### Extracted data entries
<<<<

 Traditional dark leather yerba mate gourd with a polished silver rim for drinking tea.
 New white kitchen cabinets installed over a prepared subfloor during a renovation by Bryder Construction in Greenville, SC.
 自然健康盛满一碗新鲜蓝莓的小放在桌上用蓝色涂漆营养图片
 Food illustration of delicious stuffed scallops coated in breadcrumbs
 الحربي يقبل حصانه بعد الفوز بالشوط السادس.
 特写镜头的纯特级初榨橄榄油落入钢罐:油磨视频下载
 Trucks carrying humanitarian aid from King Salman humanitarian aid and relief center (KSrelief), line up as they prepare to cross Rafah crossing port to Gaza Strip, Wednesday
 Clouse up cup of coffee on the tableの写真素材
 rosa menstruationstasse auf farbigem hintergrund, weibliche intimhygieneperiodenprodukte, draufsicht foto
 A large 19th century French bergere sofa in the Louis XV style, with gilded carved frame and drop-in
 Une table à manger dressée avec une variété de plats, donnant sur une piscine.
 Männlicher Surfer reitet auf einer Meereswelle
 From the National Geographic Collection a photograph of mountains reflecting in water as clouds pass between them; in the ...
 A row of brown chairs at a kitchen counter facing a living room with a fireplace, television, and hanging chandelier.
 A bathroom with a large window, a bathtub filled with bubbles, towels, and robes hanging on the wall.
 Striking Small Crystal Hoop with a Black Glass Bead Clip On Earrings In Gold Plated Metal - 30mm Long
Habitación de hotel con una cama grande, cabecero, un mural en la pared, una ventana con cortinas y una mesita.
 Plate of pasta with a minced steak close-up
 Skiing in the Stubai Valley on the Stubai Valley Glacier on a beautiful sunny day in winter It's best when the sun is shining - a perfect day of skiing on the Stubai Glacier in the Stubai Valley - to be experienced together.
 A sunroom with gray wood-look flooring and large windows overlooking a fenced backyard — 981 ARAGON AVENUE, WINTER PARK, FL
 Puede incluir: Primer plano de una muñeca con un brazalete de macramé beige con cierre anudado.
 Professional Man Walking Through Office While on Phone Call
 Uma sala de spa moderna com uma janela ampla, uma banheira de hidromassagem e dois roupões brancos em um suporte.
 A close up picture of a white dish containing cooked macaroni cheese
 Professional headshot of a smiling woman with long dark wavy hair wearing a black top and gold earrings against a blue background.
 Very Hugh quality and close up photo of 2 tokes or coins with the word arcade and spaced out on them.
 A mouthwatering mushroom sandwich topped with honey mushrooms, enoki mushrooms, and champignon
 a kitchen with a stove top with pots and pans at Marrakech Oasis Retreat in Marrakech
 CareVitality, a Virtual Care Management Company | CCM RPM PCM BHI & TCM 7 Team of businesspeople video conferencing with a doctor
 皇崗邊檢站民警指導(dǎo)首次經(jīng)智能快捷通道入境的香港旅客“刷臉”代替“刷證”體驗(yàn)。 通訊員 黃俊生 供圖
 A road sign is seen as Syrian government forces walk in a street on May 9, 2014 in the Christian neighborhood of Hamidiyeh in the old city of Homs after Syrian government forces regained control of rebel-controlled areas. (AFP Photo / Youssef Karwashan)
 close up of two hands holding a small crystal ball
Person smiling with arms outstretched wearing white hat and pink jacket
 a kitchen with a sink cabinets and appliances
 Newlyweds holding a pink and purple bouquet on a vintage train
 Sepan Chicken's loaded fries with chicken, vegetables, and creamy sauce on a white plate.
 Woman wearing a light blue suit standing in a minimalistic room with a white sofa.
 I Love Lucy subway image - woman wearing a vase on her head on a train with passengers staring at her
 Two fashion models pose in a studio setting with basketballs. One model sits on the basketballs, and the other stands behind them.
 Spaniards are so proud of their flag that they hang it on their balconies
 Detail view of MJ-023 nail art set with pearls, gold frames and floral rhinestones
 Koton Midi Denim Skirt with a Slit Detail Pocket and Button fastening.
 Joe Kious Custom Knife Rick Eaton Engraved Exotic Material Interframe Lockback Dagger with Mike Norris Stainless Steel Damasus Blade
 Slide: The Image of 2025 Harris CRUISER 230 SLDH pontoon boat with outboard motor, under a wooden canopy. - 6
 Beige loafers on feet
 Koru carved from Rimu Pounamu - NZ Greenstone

>>>>

### What needs to be done
Output the data above exactly, please, line for line.

### Response to the task
 Traditional dark leather yerba mate gourd with a polished silver rim for drinking tea.
 New white kitchen cabinets installed over a prepared subfloor during a renovation by Bryder Construction in Greenville, SC.
 自然健康盛满一碗新鲜蓝莓的小放在桌上用蓝色涂漆营养图片
 Food illustration of delicious stuffed scallops coated in breadcrumbs
 الحربي يقبل حصانه بعد الفوز بالشوط السادس.
 特写镜头的纯特级初榨橄榄油落入钢罐:油磨视频下载
 Trucks carrying humanitarian aid from King Salman humanitarian aid and relief center (KSrelief), line up as they prepare to cross Rafah crossing port to Gaza Strip, Wednesday
 Clouse up cup of coffee on the tableの写真素材
 rosa menstruationstasse auf farbigem hintergrund, weibliche intimhygieneperiodenprodukte, draufsicht foto
 A large 19th century French bergere sofa in the Louis XV style, with gilded carved frame and drop-in
 Une table à manger dressée avec une variété de plats, donnant sur une piscine.
 Männlicher Surfer reitet auf einer Meereswelle
 From the National Geographic Collection a photograph of mountains reflecting in water as clouds pass between them; in the ...
 A row of brown chairs at a kitchen counter facing a living room with a fireplace, television, and hanging chandelier.
 A bathroom with a large window, a bathtub filled with bubbles, towels, and robes hanging on the wall.
 Striking Small Crystal Hoop with a Black Glass Bead Clip On Earrings In Gold Plated Metal - 30mm Long
Habitación de hotel con una cama grande, cabecero, un mural en la pared, una ventana con cortinas y una mesita.
 Plate of pasta with a minced steak close-up
 Skiing in the Stubai Valley on the Stubai Valley Glacier on a beautiful sunny day in winter It's best when the sun is shining - a perfect day of skiing on the Stubai Glacier in the Stubai Valley - to be experienced together.
 A sunroom with gray wood-look flooring and large windows overlooking a fenced backyard — 981 ARAGON AVENUE, WINTER PARK, FL
 Puede incluir: Primer plano de una muñeca con un brazalete de macramé beige con cierre anudado.
 Professional Man Walking Through Office While on Phone Call
 Uma sala de spa moderna com uma janela ampla, uma banheira de hidromassagem e dois roupões brancos em um suporte.
 A close up picture of a white dish containing cooked macaroni cheese
 Professional headshot of a smiling woman with long dark wavy hair wearing a black top and gold earrings against a blue background.
 Very Hugh quality and close up photo of 2 tokes or coins with the word arcade and spaced out on them.
 A mouthwatering mushroom sandwich topped with honey mushrooms, enoki mushrooms, and champignon
 a kitchen with a stove top with pots and pans at Marrakech Oasis Retreat in Marrakech
 CareVitality, a Virtual Care Management Company | CCM RPM PCM BHI & TCM 7 Team of businesspeople video conferencing with a doctor
 皇崗邊檢站民警指導(dǎo)首次經(jīng)智能快捷通道入境的香港旅客“刷臉”代替“刷證”體驗(yàn)。 通訊員 黃俊生 供圖
 A road sign is seen as Syrian government forces walk in a street on May 9, 2014 in the Christian neighborhood of Hamidiyeh in the old city of Homs after Syrian government forces regained control of rebel-controlled areas. (AFP Photo / Youssef Karwashan)
 close up of two hands holding a small crystal ball
Person smiling with arms outstretched wearing white hat and pink jacket
 a kitchen with a sink cabinets and appliances
 Newlyweds holding a pink and purple bouquet on a vintage train
 Sepan Chicken's loaded fries with chicken, vegetables, and creamy sauce on a white plate.
 Woman wearing a light blue suit standing in a minimalistic room with a white sofa.
 I Love Lucy subway image - woman wearing a vase on her head on a train with passengers staring at her
 Two fashion models pose in a studio setting with basketballs. One model sits on the basketballs, and the other stands behind them.
 Spaniards are so proud of their flag that they hang it on their balconies
 Detail view of MJ-023 nail art set with pearls, gold frames and floral rhinestones
 Koton Midi Denim Skirt with a Slit Detail Pocket and Button fastening.
 Joe Kious Custom Knife Rick Eaton Engraved Exotic Material Interframe Lockback Dagger with Mike Norris Stainless Steel Damasus Blade
 Slide: The Image of 2025 Harris CRUISER 230 SLDH pontoon boat with outboard motor, under a wooden canopy. - 6
 Beige loafers on feet
 Koru carved from Rimu Pounamu - NZ Greenstone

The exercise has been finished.